Sabemos que los ultraprocesados son malos para la salud. ¿Han mejorado en algo respecto al pasado, o son todavía más perjudiciales? Preguntamos a expertos sobre la evolución de la bollería y demás parientes.

Parece una camiseta del Atleti antigua o un pijama feísimo
Parece una camiseta del Atleti antigua o un pijama feísimoPANRICO

En los años ochenta la bollería industrial vivía algo así como en la Disneylandia de las políticas alimentarias: una fantasía sin exigencias de ningún tipo respecto a la declaración exacta de ingredientes. Ríete tú, pero eso llegó con un reglamento europeo ya entrados en 2016. Tampoco había cortapisas en la declaración de efectos beneficiosos para la salud: "Bollycao es la merienda que alimenta", cantaban unos niños en un anuncio que haría saltar por los aires el proyecto de perfiles nutricionales y la publicidad infantil del ministro Garzón.

Eran otros tiempos. Ni la industria se andaba con medias tintas ni sutilezas para vender sus productos, ni la mayoría de los consumidores se planteaba el dilema de la nutrición saludable. ¿Quién iba a cuestionar el impacto nutricional de un bollo blandito, bien envuelto y que por fin acababa con el drama infantil de las meriendas de bocadillo que se desmoronaba al jugar? Por si quedaban dudas, la campaña de lanzamiento lo presentaba como "la merienda de una pieza".

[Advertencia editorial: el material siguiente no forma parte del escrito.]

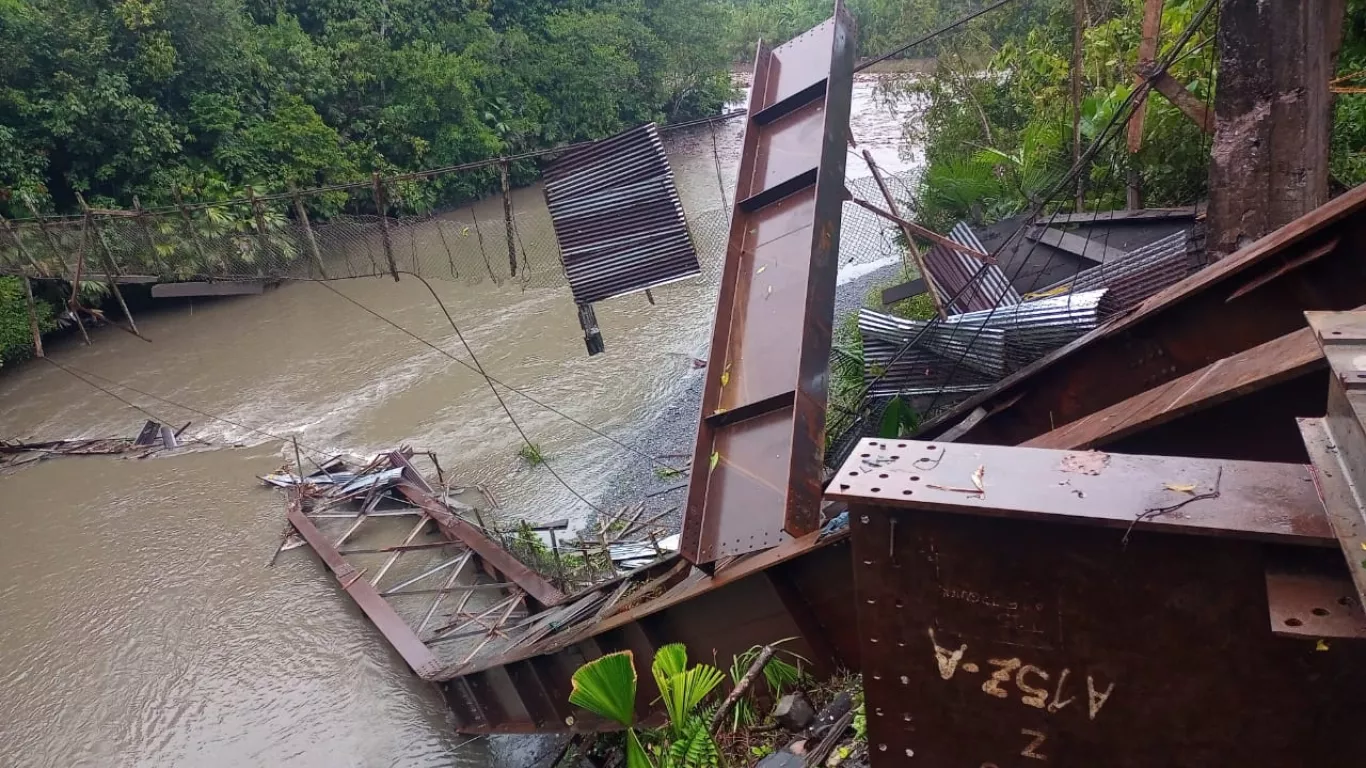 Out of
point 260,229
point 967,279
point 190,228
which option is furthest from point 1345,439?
point 190,228

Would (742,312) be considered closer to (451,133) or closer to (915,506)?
(915,506)

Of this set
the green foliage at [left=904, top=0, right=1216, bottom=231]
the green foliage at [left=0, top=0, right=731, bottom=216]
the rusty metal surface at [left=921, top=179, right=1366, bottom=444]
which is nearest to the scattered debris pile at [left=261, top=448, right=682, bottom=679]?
the rusty metal surface at [left=921, top=179, right=1366, bottom=444]

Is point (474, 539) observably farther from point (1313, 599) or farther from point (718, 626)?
point (1313, 599)

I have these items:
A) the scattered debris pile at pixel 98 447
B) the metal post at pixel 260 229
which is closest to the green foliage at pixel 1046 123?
the metal post at pixel 260 229

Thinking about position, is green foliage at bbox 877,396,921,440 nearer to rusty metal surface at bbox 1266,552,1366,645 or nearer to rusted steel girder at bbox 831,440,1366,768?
rusted steel girder at bbox 831,440,1366,768

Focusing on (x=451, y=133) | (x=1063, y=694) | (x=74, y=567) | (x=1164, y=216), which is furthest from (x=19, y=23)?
(x=1063, y=694) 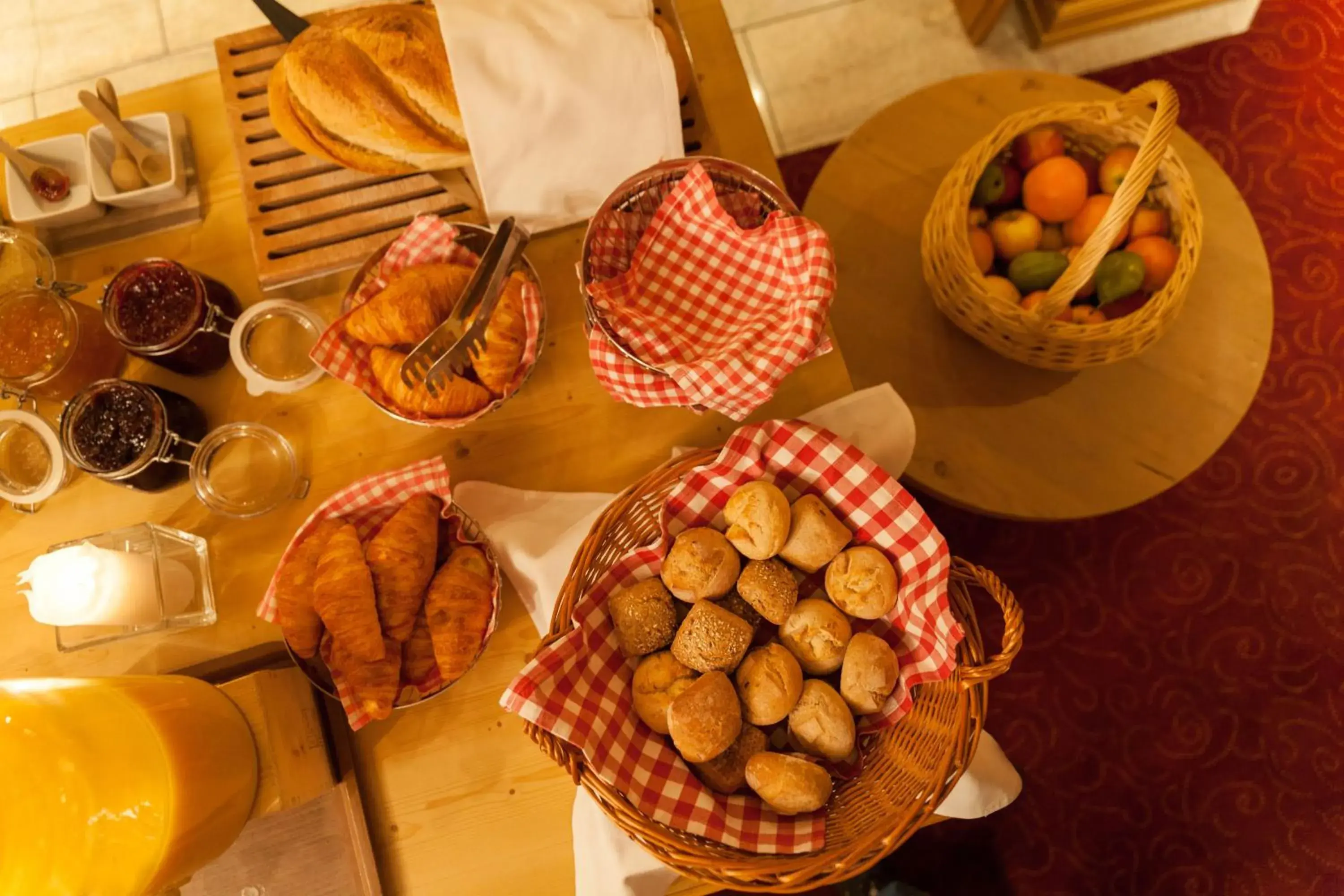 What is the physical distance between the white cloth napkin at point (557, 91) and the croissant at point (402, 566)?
39 cm

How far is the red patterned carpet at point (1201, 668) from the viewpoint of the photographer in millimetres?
1480

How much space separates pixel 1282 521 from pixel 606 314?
1.50 metres

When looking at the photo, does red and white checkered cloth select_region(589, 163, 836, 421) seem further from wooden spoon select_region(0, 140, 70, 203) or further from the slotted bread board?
wooden spoon select_region(0, 140, 70, 203)

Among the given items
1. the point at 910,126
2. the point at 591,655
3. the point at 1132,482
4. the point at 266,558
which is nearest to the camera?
the point at 591,655

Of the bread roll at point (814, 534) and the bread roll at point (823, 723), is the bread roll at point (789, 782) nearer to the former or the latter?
the bread roll at point (823, 723)

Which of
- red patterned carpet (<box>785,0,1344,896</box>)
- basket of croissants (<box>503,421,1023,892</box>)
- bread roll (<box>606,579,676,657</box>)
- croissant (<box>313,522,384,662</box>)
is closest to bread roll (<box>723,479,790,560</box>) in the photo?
basket of croissants (<box>503,421,1023,892</box>)

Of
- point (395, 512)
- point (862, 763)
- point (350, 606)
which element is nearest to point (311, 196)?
point (395, 512)

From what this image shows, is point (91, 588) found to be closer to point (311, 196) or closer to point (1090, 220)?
point (311, 196)

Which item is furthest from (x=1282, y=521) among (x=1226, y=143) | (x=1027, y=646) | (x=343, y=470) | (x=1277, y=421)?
(x=343, y=470)

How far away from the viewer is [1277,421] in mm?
1630

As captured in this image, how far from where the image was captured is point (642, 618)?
838 millimetres

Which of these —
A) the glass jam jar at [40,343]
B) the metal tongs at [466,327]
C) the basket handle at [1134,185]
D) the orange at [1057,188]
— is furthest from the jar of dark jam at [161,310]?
the orange at [1057,188]

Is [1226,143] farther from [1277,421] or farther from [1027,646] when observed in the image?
[1027,646]

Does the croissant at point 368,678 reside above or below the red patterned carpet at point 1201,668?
above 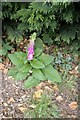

Hace unas semanas, el tuitero Dani Bordas lanzaba al aire la pregunta de si la bollería industrial de nuestra infancia era mejor o peor que la de ahora. El tecnólogo de los alimentos Miguel Ángel Lurueña, autor del blog Gominolas de Petróleo, recogió el guante e intentó diseccionar cómo eran aquellos maravillosos bollacos de nuestra tierna infancia. En su análisis ganaban por la mínima los de hoy, veredicto con el que coinciden muchos nutricionistas y expertos en alimentación. “Vi el hilo de Miguel Ángel y no puedo añadir nada a lo que él decía. Es muy difícil saber si antes eran mejores que ahora porque antes no se declaraban igual los ingredientes en las etiquetas”, responde Javier Sánchez Perona, científico titular del CSIC e investigador del Instituto de la Grasa en el departamento de Alimentación y Salud.

Así han ido cambiando las grasas

Durante siglos la manteca y la mantequilla fueron ingredientes básicos en buena parte de la repostería: los humanos los comían sin remilgos y morían en guerras, devorados por alguna alimaña en el bosque o, qué sé yo, por una infección cualquiera. En los ochenta, mientras Jane Fonda vendía como churros sus vídeos de aerobic, las grasas animales -a la sazón, grasas saturadas-, cayeron en desgracia. Se les acusó de ser las causantes de la obesidad de los occidentales y se sustituyeron por "grasas vegetales". ¿Cuáles? Las más apañadas, léase, el aceite de palma.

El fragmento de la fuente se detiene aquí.